## The task
A word-for-word copy of the records is needed, with every picture left out.

## Supplied data
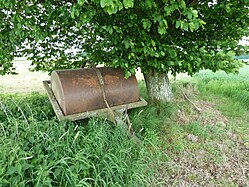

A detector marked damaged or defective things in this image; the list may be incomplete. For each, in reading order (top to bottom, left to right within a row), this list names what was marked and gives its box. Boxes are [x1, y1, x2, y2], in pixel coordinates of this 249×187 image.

rusty metal roller [50, 67, 140, 115]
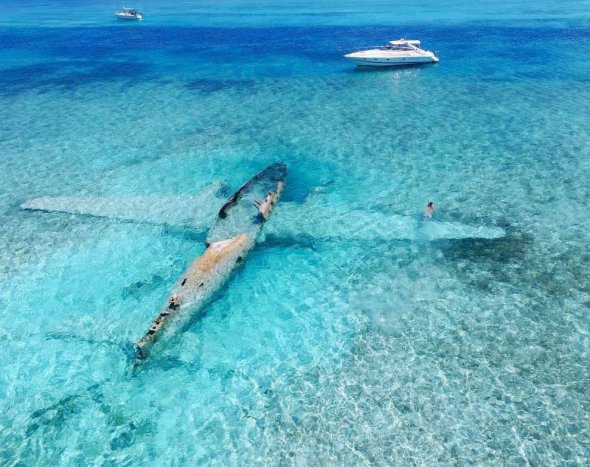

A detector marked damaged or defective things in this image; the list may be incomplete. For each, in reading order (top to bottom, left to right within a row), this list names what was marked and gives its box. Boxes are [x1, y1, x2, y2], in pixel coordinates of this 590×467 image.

corroded metal hull [137, 163, 290, 360]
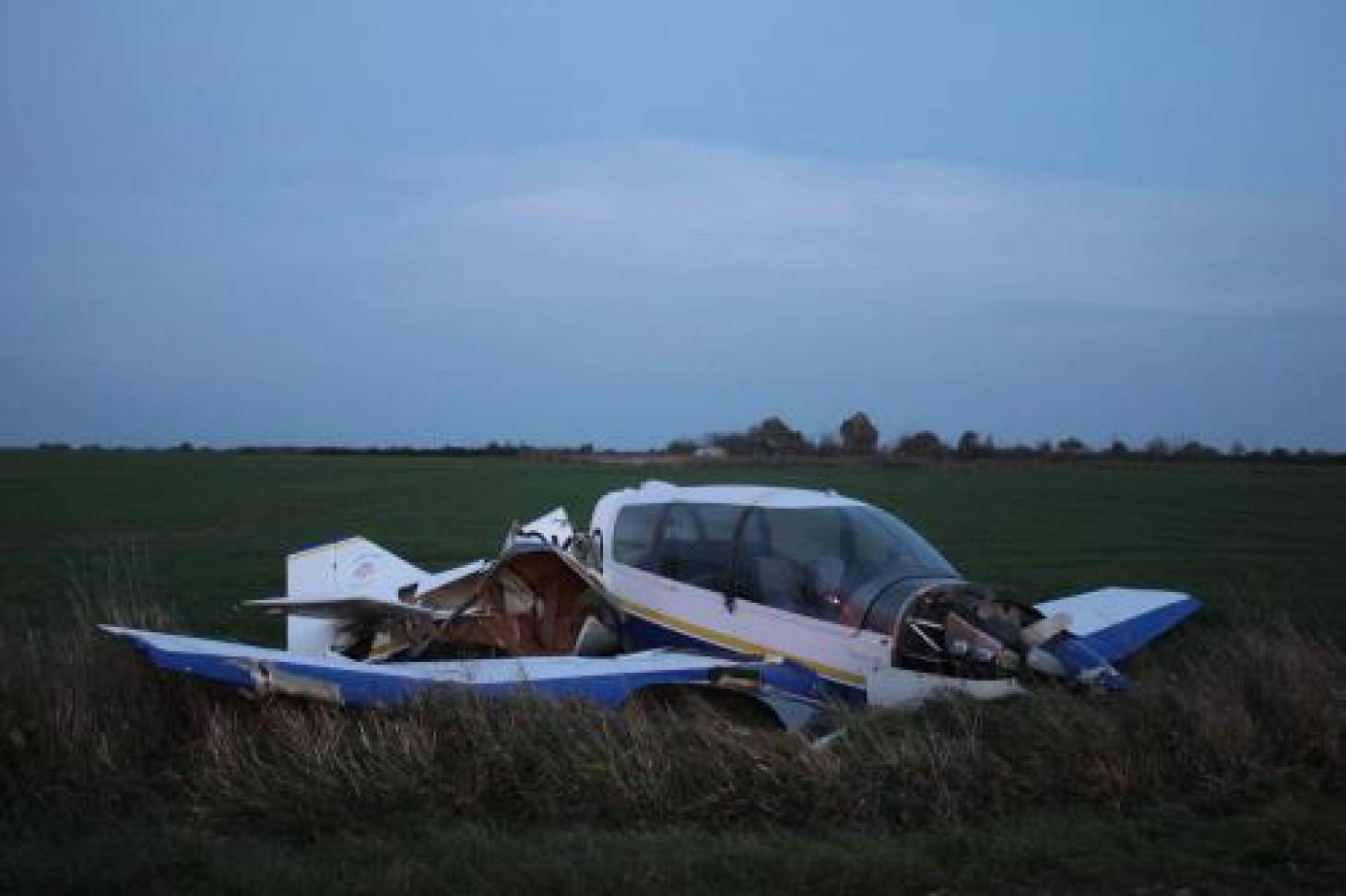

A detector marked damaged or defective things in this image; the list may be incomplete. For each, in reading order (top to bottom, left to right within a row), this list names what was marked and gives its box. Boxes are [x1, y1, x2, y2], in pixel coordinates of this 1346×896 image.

crashed small airplane [101, 484, 1200, 731]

## Result of the exercise
A detector marked damaged or defective things in this image; the list may be incomplete. For each, in reading order (top to bottom, left to right within a row), this list names what was marked and gives its box. Boxes are [x1, y1, x2, y2], in pixel coordinates of this 249×187 image.

rusty metal roller [50, 67, 140, 115]

A detector marked damaged or defective things in this image; the list may be incomplete. For each, in reading order (top to bottom, left to right within a row), this list names what was marked and gives its box. Boxes are [x1, y1, x2, y2], in pixel coordinates of this 590×467 image.

corroded metal hull [137, 163, 290, 360]

A detector marked damaged or defective things in this image; the list may be incomplete. For each, in reading order (top to bottom, left to right within a row), this list names what was marked and gives its box. Boxes are [x1, y1, x2, y2], in pixel coordinates of this 1346×896 image.

crashed small airplane [101, 484, 1200, 731]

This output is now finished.